Our 920w of solar banged in 4.32kWh today. Another 600Wh from the wind turbine. You can't beat solar on a boat🙂
Its very unusual for anyone to show any interest in wind - which can be an invaluable resource.

Similarly hydro - but if you sit at anchor for weeks - hydro is obviously of no value

Your duo gen is the best answer to date - not based on any direct evidence from me :(

Jonathan
If its not raining tomorrow I'll take a photo for you

We have a 700 ah battery bank

I have the roof of my cockpit (Prout Quasar so much smaller than modern cats - the cockpit is 4m wide by 1.6m long) made of 4 x 320w 40v panels and then I have 5 x 175w flexi panels on the coach roof and deck. We have 4 separate MPPT controllers . I also have two more 175 flexi panels stored away to , in an emergency, be able to stick on the nets or point at the sun however needed but they never have been yet.

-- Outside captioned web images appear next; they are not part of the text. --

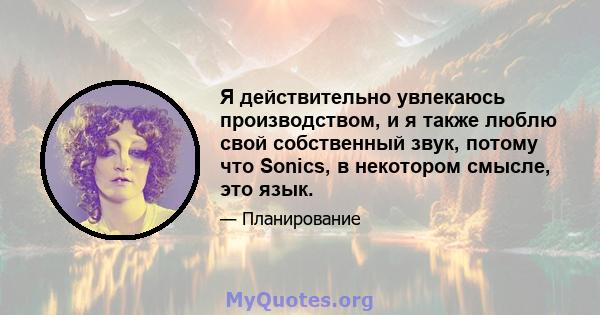 Я действительно увлекаюсь производством, и я также люблю свой собственный звук, потому что Sonics, в некотором смысле, это язык.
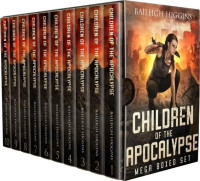 Baileigh Higgins — Children of the Apocalypse: Mega Boxed Set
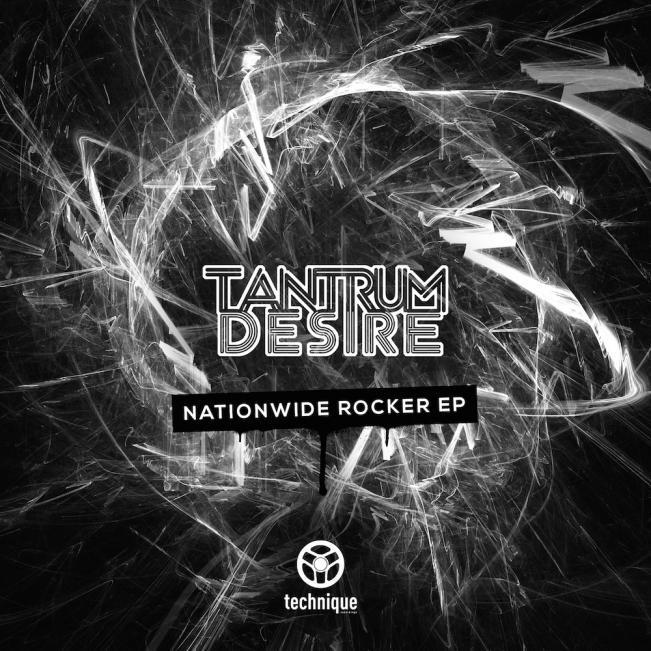 Tantrum Desire - Nationwide Rocker - Technique Recordings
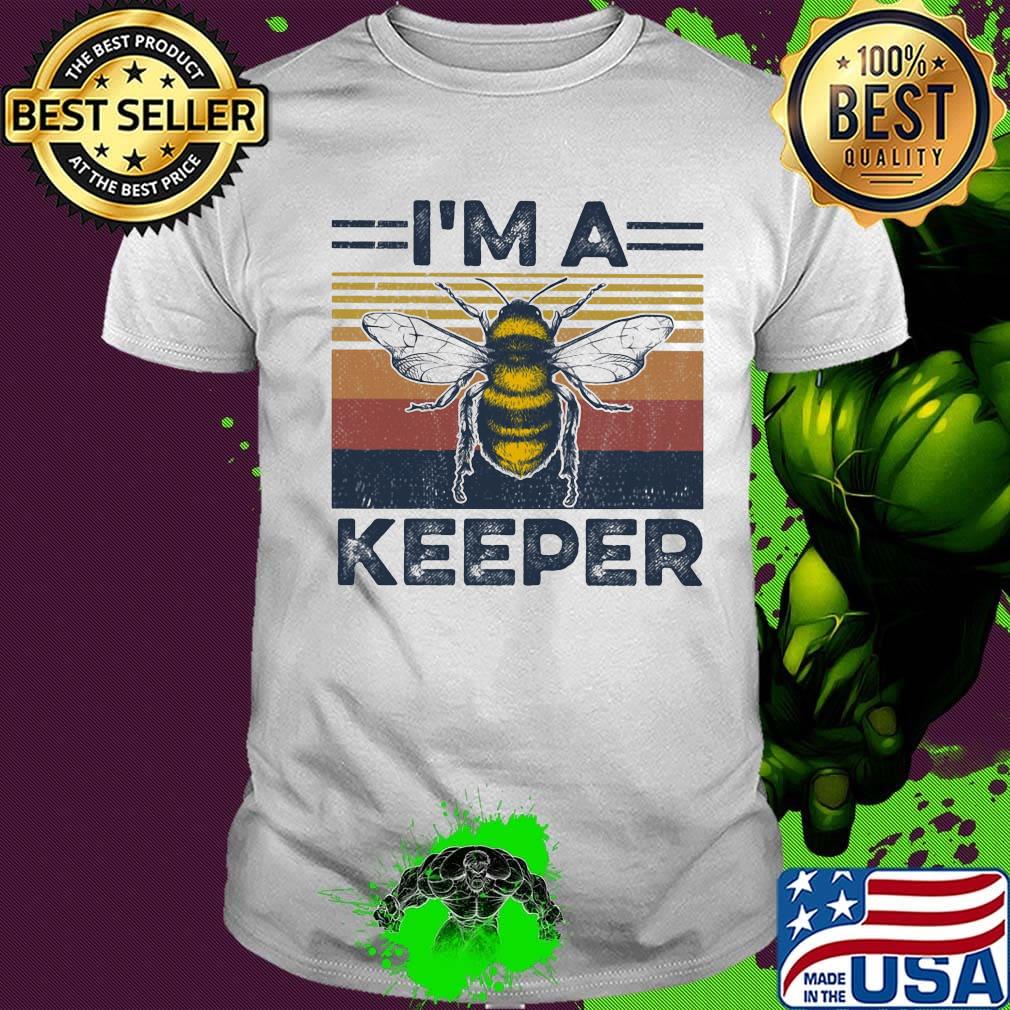 Bee I'm a keeper vintage retro shirt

This means with combining series and parallel we end up with about 50 amps in this morning at about 10 am and by lunch time with intermittent cloud we had 85-90 amps going in for a few hours.

I was interested in the use of MPPT controllers. I understand how they work for one large panel or a cluster of panels all shaded similarly and all aligned similarly. I wonder about those temporary panels, panels attached to the stanchions and cantilevered out. Should you have a MPPT controller for each group of panels that are similarly located - or does it not matter?

MPPT controllers do not get much airing. You are the first person to highlight that you have 4 controllers.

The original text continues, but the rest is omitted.